This type of essay question asks test-takers to explain the reasons behind a problem, and then propose a solution or solutions.

In this type of essay it is very tempting to list causes and solutions, but this leads to poor IELTS essays because there is very little development. IELTS paragraphs are usually best when test-takers use one main idea per paragraph, but for this type of essay we must be careful. The question asks for reasons (plural) so an examiner can mark you down if there is only one mentioned. It is fine to use two paragraphs to provide two reasons, but to do this you must be able to write fast and will probably have a high word count. However, this essay shows how to deal with two reason in one paragraph.

Remember, all the model essays shown on this website follow structures that can be learned and practised by taking the writing courses available. There is no better way to study IELTS writing.


Question

You should spend about 40 minutes on this task.

People often have no interaction with their neighbours and this is harming communities.

What are the reasons for this and what can be done to solve this problem?

Give reasons for your answers and include any relevant examples from your own knowledge or
experience.

Write at least 250 words


Model essay

Throughout history, the majority of the world’s population lived in small communities where it was normal to interact with everyone who lived nearby. These days, rapidly increasing population densities in urban areas have led to much larger communities and a decline in interaction between neighbours. However, this problem can be solved with more community space.   

The main reasons that many people no longer interact with their neighbours are that communities are too large and dense. With so many people living in neighbourhoods, the sense of community is lost because people cannot keep track of everyone living around them. For example, in a high rise building there may be over a hundred families, which is too many for people to interact with. This has a negative effect on communities because when people are surrounded by unknown families they end to isolate, and do not spend the time needed together to build relationships.   

To solve this problem architects and urban planners need to increase the amount of community space available to larger communities and ensure this space is free. These policies will encourage interaction between neighbours as people are much more likely to communicate in public spaces, especially if they see each other regularly. In New York, a recent study showed that residents of communities with pubic spaces were three times more likely to talk to their neighbours than in those without community areas. This clearly shows that these spaces are an effective solution to the problem.   

 In conclusion, the main reason why some neighbours no longer interact with each other is that communities are too big and impersonal. This problem can be solved by constructing public spaces that encourage community interaction, so authorities should make sure these areas are included in all building designs.

305 words

This essay was graded by a current IELTS examiner. Read the notes and grade given below:

TASK
ACHIEVEMENT
COHERENCE &
COHESION
LEXICAL
RESOURCE
GRAMMATICAL
RANGE & ACCURACY
9999

Fully addresses all parts of the task and present a fully developed position in answer to the question with relevant, fully extended and well supported ideas.
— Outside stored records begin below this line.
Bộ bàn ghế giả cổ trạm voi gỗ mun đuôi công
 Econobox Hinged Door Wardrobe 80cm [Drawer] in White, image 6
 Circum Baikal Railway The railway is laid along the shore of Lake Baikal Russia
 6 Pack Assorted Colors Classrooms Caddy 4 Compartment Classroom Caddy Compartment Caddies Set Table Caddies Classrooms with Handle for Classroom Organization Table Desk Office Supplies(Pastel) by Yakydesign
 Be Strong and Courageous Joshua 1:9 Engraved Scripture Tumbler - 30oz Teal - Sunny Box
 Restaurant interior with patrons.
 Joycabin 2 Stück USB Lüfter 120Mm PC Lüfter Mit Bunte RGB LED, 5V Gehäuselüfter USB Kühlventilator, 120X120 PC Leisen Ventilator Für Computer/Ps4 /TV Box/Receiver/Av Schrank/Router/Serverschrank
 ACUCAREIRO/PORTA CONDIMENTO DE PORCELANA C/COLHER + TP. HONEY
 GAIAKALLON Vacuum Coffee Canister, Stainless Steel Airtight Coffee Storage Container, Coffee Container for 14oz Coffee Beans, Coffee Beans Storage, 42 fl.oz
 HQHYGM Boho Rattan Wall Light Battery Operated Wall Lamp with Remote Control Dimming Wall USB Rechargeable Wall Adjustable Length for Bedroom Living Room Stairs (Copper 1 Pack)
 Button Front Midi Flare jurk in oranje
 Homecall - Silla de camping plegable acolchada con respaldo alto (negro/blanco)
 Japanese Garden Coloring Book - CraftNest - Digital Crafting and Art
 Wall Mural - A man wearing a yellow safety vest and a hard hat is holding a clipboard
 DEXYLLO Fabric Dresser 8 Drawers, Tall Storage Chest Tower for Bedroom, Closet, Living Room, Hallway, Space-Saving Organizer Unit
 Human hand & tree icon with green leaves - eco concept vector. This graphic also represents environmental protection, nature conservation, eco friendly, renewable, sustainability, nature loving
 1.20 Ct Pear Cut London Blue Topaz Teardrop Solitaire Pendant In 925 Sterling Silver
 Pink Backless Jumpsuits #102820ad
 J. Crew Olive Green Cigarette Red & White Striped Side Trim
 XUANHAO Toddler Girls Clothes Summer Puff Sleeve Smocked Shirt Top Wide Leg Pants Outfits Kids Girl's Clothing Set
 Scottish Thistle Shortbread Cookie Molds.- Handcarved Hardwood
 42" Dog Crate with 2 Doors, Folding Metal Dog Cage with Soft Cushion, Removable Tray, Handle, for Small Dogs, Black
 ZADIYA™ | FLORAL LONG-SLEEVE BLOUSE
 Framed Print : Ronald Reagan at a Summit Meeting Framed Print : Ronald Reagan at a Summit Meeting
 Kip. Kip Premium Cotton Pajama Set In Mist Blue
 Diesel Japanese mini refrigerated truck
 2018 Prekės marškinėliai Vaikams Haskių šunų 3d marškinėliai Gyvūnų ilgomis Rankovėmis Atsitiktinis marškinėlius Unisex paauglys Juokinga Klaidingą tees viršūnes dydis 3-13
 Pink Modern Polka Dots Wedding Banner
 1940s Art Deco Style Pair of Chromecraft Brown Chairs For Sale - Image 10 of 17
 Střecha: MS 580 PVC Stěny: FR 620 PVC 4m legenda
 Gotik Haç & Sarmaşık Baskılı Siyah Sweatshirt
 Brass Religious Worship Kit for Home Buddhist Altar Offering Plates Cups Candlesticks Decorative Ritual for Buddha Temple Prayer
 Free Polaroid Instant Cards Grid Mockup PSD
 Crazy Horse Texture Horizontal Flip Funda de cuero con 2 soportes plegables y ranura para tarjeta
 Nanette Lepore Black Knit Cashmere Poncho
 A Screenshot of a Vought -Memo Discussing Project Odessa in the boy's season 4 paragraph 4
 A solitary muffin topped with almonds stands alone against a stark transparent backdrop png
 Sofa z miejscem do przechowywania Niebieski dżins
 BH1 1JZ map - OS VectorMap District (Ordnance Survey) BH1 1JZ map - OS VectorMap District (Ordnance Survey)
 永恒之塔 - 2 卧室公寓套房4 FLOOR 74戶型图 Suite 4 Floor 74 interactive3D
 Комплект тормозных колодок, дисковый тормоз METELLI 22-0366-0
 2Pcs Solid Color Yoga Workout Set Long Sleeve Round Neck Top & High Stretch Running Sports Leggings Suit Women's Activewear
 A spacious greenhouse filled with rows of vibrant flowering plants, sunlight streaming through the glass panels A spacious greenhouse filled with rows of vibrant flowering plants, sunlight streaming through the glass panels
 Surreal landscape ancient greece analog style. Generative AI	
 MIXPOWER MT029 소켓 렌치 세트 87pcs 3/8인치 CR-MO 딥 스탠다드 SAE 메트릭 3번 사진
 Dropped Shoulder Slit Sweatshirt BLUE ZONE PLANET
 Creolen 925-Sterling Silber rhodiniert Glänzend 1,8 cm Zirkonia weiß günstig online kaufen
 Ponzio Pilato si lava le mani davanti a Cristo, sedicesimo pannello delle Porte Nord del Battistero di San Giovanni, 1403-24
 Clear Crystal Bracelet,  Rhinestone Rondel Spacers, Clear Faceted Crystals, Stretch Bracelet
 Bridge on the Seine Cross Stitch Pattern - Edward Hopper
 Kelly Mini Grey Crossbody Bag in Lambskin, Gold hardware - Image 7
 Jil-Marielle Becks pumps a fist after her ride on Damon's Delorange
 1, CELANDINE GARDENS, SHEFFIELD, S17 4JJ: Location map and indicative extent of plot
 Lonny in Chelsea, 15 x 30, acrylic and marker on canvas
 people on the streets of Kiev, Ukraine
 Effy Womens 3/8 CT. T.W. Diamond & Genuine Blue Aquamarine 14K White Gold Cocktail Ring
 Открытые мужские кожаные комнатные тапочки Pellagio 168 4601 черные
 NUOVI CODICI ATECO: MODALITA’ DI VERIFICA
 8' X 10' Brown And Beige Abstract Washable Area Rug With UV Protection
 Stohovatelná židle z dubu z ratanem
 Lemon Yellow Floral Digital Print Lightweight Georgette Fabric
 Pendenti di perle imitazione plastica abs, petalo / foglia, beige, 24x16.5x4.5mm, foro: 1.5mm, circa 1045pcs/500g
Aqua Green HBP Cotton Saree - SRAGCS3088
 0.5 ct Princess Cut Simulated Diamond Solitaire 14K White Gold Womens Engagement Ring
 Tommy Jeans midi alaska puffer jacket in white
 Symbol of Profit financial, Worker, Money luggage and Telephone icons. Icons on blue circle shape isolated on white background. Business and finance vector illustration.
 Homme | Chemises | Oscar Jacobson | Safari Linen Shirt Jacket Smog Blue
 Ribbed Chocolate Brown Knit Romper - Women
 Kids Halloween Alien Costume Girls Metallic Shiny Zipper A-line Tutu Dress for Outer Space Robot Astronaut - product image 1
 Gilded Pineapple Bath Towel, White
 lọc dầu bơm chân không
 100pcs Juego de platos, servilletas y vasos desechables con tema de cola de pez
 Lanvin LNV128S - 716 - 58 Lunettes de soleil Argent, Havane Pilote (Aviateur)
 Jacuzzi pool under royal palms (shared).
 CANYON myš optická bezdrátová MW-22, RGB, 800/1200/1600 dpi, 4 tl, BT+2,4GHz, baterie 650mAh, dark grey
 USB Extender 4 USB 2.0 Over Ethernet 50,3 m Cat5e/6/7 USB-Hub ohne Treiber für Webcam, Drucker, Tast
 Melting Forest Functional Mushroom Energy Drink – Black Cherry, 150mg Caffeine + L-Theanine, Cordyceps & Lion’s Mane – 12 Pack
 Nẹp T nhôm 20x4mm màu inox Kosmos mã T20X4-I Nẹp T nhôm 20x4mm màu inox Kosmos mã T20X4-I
Arguments and ideas presented are relevant, balanced (causes and solutions) and well supported. The topic is introduced within the first paragraph whilst the conclusion wraps up the response, perfect in summation.

Vocabulary is used skilfully and flexibly with plenty of less common items used with precision.

Cohesion is well-managed throughout with skilful paragraphing that promotes a good sense of logical organisation to the response. Linking and sequencing of ideas attract no attention.

In terms of grammar, there’s a variety of structures used with full precision and flexibility. Subject-verb agreements show no issues and punctuation is well controlled.